**Source data**
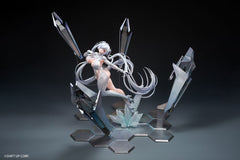 Goddess of Victory: Nikke PVC Statue 1/4 Nikke Cinderella Deluxe 57 cm 6974982160899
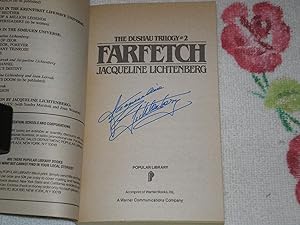 Farfetch: Signed
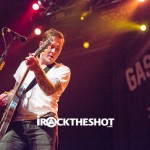 gaslight anthem at terminal 5-19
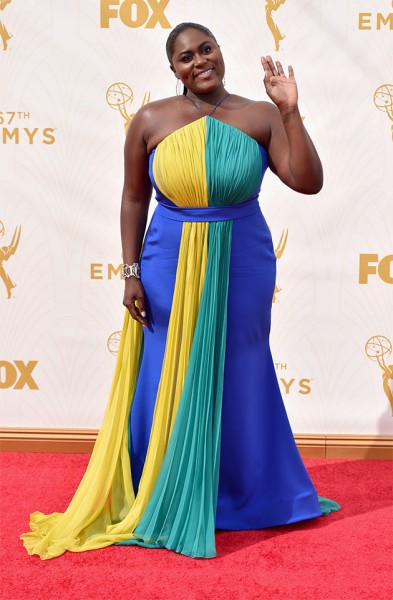 E sua colega de 200915-emmys-danielle-brooks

**Task goal**
Without any of its pictures, the listing is to be repeated exactly as it stands.

**Answer for the task**
 Goddess of Victory: Nikke PVC Statue 1/4 Nikke Cinderella Deluxe 57 cm 6974982160899
 Farfetch: Signed
 gaslight anthem at terminal 5-19
 E sua colega de 200915-emmys-danielle-brooks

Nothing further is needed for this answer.